Give a man a fish and you feed him for a day. Teach a man to fish and you feed him for a lifetime. Be incarnationally present with a man who can’t fish and you’ll teach him how to be “missional” while on an empty stomach.
This update on the ancient Chinese proverb isn’t entirely fair to my fellow Christians (mainly my fellow evangelicals) who believe that one of the most important ways we can help those in need is to being intimately, and often sacrificially, involved in underserved communities. But the maxim’s addendum does capture some of the well-meaning naiveté of missionally oriented activism.
Consider, for example, Christianity Today’s article on “The New School Choice Agenda”, a microtrend piece that explains “why Christians . . . are choosing to send their children to struggling public schools.” All of the people mentioned in the article appear to have a sincere desire to help those in need, so I feel conflicted about using them as an example. But I think the article helps to highlight the difference between activism that is personally fulfilling and policy advocacy that can actually effect change.
As the story notes,
Over the past decade, a group of mostly white, middle-class Christian couples have moved into Church Hill [in Richmond, Virginia], the community served by Chimborazo Elementary School. Unlike most families in Church Hill, these four couples have the financial and social capital to send their kids to private schools or to homeschool. Yet they have chosen otherwise. Building on the firm foundation Principal Burke has laid, they want to help restore a community struggling against generational poverty, and they believe a key component is sending their own children to the community’s public school.
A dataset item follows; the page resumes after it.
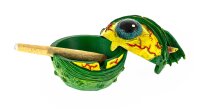 Figuren Aschenbecher - Monster Auge Grün H 6,5 cm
Needless to say, this type of “school choice”—moving in a few white, middle-class Christian children into an impoverished minority public school—will do absolutely nothing to restore “a community struggling against generational poverty.” What it does, however, is reveal one of the perverse ironies of “educational choice.” Those of us in favor of broader educational choices often assume that parents will choose to maximize their child’s educational opportunities. The reality, though, is that if given a wide range of choices, some parents will choose to send their child to a particular school for reasons that have almost nothing to do with education. Some will choose a school based on the sports program or other extra-curricular activities. And some, like the parents mentioned in the CT article, will choose to send their children to a particular school in order to make a socio-theological statement:
Together the group decided to send their kids to Chimborazo. Corey Widmer asks, “What would it communicate to our neighbors if we said, ‘We’re moving into your neighborhood, but we don’t consider your schools and public institutions good enough for our families’?”
What it would communicate is what many of the longtime residents of the area probably already believe: the schools and public institutions aren’t good enough for any families.
Indeed, that seems to be the understanding shared by the new residents too. The CT article spends no time examining the effect the parent’s decision has had on the children (perhaps the impact is minimal since all of the children appear to be in kindergarten!) and instead chooses to focus on how the adults worked to fix their neighbor’s schools and public institutions.
Unfortunately, while the actions they take are important—volunteering, mentoring, choosing to be teachers—they are individualistic stopgap measures for long-term institutional problems.
When these families leave these neighborhoods (as they eventually will) they will leave behind a still-broken school system. While their willingness to move to the struggling communities is noble, what their neighbors need is to be empowered to help their own children. They need the ability to make their own educational choices—and that’s not something that can be accomplished by this “new school choice agenda.”